### How to complete this task
Write out the entries below exactly. End with the line that contains "925 Sterling Silver".

### Data for processing

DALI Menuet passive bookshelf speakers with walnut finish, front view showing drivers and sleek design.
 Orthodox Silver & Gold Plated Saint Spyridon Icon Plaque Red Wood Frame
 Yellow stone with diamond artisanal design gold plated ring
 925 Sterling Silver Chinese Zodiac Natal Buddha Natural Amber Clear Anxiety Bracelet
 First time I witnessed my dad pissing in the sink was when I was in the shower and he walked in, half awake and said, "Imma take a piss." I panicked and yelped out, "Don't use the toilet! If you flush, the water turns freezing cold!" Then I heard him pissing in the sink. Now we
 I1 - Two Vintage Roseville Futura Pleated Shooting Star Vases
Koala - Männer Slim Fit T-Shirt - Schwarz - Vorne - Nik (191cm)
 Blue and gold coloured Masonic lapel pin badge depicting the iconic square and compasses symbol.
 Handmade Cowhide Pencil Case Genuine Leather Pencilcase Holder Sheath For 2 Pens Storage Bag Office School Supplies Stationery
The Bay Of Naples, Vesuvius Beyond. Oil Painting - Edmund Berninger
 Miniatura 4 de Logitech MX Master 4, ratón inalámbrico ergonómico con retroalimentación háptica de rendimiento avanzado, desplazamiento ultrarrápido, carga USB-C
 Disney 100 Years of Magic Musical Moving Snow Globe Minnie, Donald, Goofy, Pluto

### Output for this task
DALI Menuet passive bookshelf speakers with walnut finish, front view showing drivers and sleek design.
 Orthodox Silver & Gold Plated Saint Spyridon Icon Plaque Red Wood Frame
 Yellow stone with diamond artisanal design gold plated ring
 925 Sterling Silver Chinese Zodiac Natal Buddha Natural Amber Clear Anxiety Bracelet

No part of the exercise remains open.